Invece grazie alle sue caratteristiche organizzative (distribuzione a rete non gerarchica, frammentazione territoriale, approccio informale e personalizzato, scarsa dotazione tecnologica e di personale, compensata da flessibilità gestionale etc..) la MG ha continuato ad operare, seppur regolamentando l'acceso con gli appuntamenti onde evitare affollamento delle sale d'attesa. Certamente si poteva fare di più anche sul territorio, specie se le cure primarie fossero state supportate da un'organizzazione distrettuale articolata e solida e non lasciate a se stesse da tempo, senza una governance e adeguati investimenti come dimostra la decennale vacanza contrattuale. 
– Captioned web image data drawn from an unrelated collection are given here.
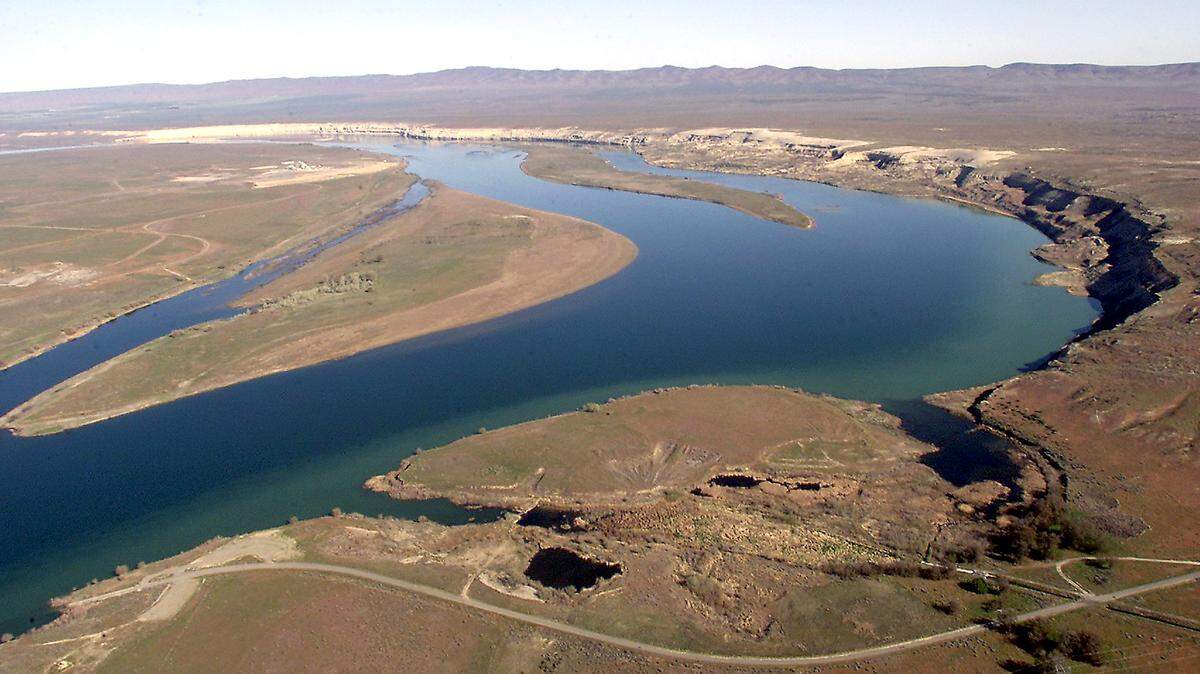 Columbia River, Hanford, White Bluffs area.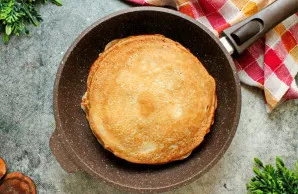 Blynų keptuvę patepkite augaliniu aliejumi ir įkaitinkite. Supilkite dalį tešlos ir paskirstykite ją per visą dugną. Kepkite, kol apačia ...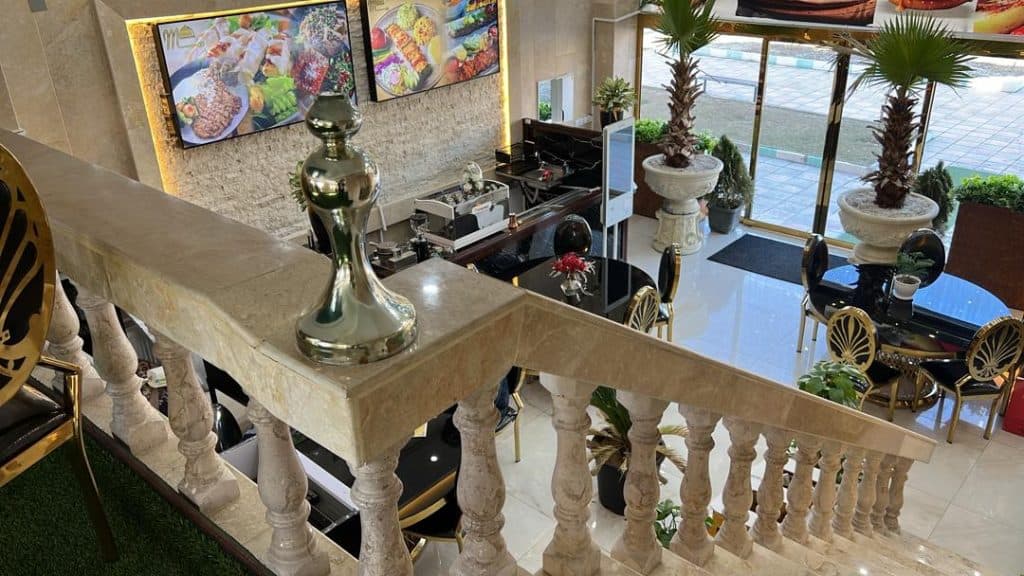 کافه رستوران نخل در سنندج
Sempre da una decina di anni si attende in Lombardia l’applicazione della Riforma Balduzzi, che doveva incentivare le aggregazioni dei medici di MG o AFT e le strutture multiprofessionali della medicina territoriali. In compenso nella nostra regione la rete dei distretti sanitari è stata dismessa all’inizio del secolo, in nome della concorrenza tra aziende e gestori sul mercato sanitario, che invece potevano costituire assieme alle AFT un valido supporto organizzativo per far fronte alla pandemia, coordinare la rete territoriale facendone emergere risorse e potenzialità. Di questo vuoto organizzativo stiamo pagando tutti, per un verso o per un'altro, le conseguenze.

PS. Principali proposizioni del modello di Thompson (da l' "Azione organizzativa", Ed Isedi)

  • Secondo razionalità, le organizzazioni cercano di chiudere ermeticamente i loro nuclei tecnologici alle influenze ambientali
  • Secondo razionalità, le organizzazioni cercano di costituire protezioni per ridurre l'impatto delle influenze ambientali circondando i loro nuclei tecnici con componenti di input e  di output,
  • Secondo razionalità, le organizzazioni cercano di anticipare e di adattarsi a quei mutamenti ambientali che non si possono evitare o attenuare;
  • Quando protezione, attenuazione e previsione non salvaguardano i loro nuclei tecnici dalle fluttuazioni ambientali, le organizzazioni sottoposte a norme di razionalità ricorrono al razionamento. Si tratta di espedienti di manovra che forniscono all'organizzazione una certa capacità di autoregolazione nonostante l'interdipendenza con l'ambiente.